Many will say to me in that day, Lord, Lord, have we not prophesied in thy name? and in thy name have cast out devils? and in thy name done many wonderful works?
And then will I profess unto them, I never knew you: depart from me, ye that work iniquity. Matthew 7:21-23
Anyone familiar with abusive churches and cults will find the characteristics of the leader of this Ontario "church" and his behaviour to be all too familiar. As reported by Scott Dunn of the Owen Sound Sun Times, September 14, 2016:
OWEN SOUND -See also Mr. Dunn's article Church leader guilty of nine assaults (May 10, 2016).
Disgraced Chatsworth church leader Fred King, known to his parishioners simply as “The Prophet,” was sentenced today to 18 months jail followed by two years probation.

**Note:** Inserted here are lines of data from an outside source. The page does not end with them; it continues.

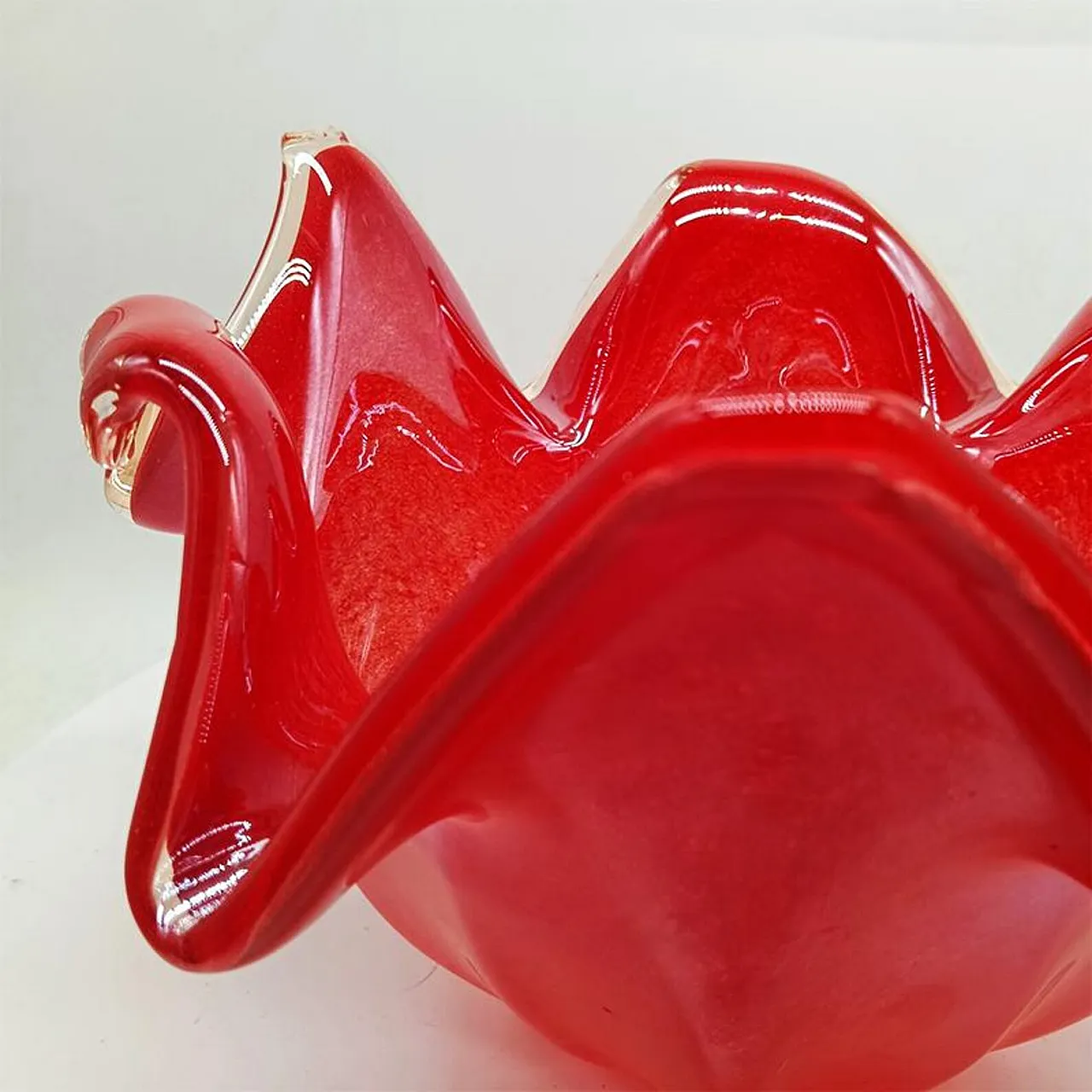 Glossy red jacketed vase in hand worked Murano glass, 2000s 3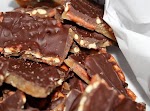 caramel pretzel bark was pinched from <a href="https://www.facebook.com/photo.php?fbid=599261126761828" target="_blank">www.facebook.com.</a>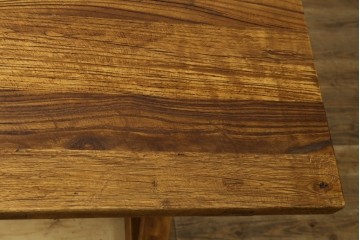 中古　美品　チーク無垢材　重厚な脚組みが印象的なダイニングテーブル　(R-089049)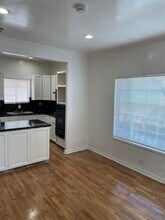 1133 E 101st St in Los Angeles, CA - Building Photo - Building Photo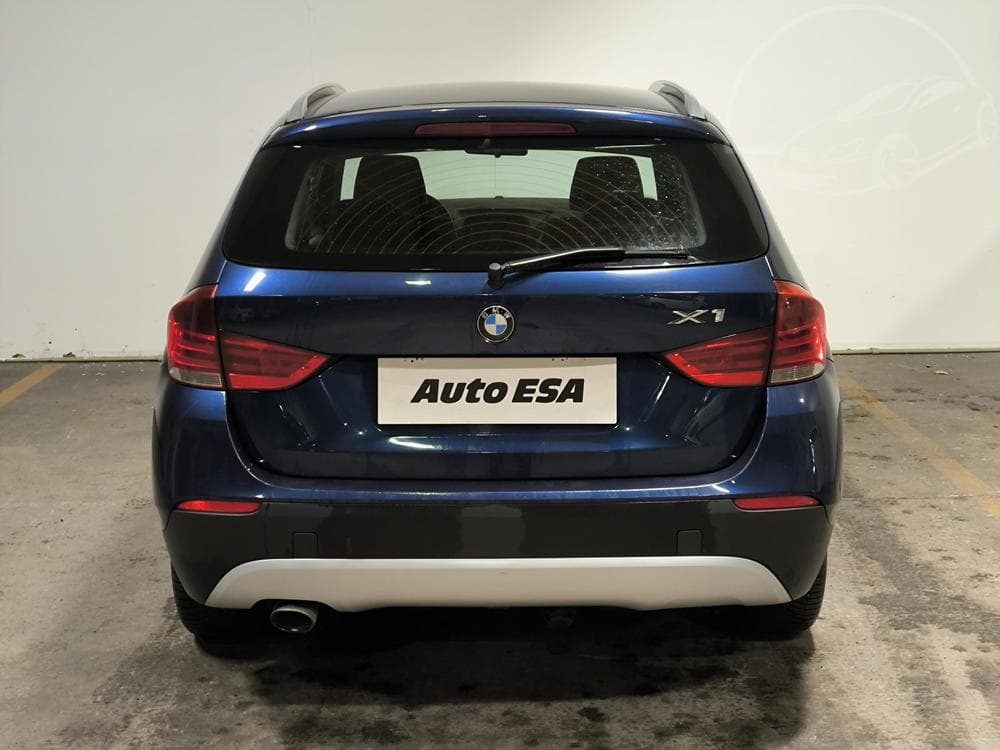 2011 BMW X1 - 5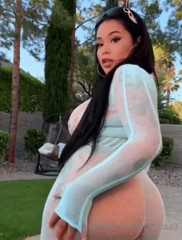 692735562_you-absolutely-need-to-go-see-this-gorgeous-girl-get-fucked_0.m4v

His church, which came to public attention first through a W5 television expose, has disbanded, according to defence lawyer Paul Mergler.
King, 57, pleaded guilty in May to nine assaults which took place between Dec. 12, 1988 and Aug. 10, 2008, mostly in Chatsworth Township or elsewhere in Grey County, and in one case in Peel Region, involving four church members.
The abuse included squeezing a child's hand with crushing force for fighting with a sister, and beating a teen in church in front of its members after she'd tried to run away. King also beat a young man stripped of clothes in front of his mother, leaving him standing outside for hours at night as mosquitoes bit him.
Grey County Crown attorney Michael Martin said King, who led the church since 1986, was “all powerful within that religious denomination” and often preached for hours on end. He alone decided when behaviour needed “correction” and what form it took.
King, a tall, heavyset man, would “sadistically humiliate and repeatedly assault women . . . and children with complete impunity,” Martin said.
This breach of trust was often carried out in front of the congregation, Martin noted. Victims worked in “church-controlled jobs, either as farm labour or within the printing business.”
King had nothing to say when given the opportunity to speak in court Wednesday.
King admitted in the Superior Court of Justice in May to a litany of physical abuse, often designed to humiliate, something Justice Clayton Conlan said he found particularly disturbing as he accepted the sentence recommended by Crown and defence.
He called King's abuse of his church members a “gross violation” of King's position of trust. Emotional scars left, he suspects, will never heal. The “sordid” facts were the primary aggravating factor in deciding the sentence.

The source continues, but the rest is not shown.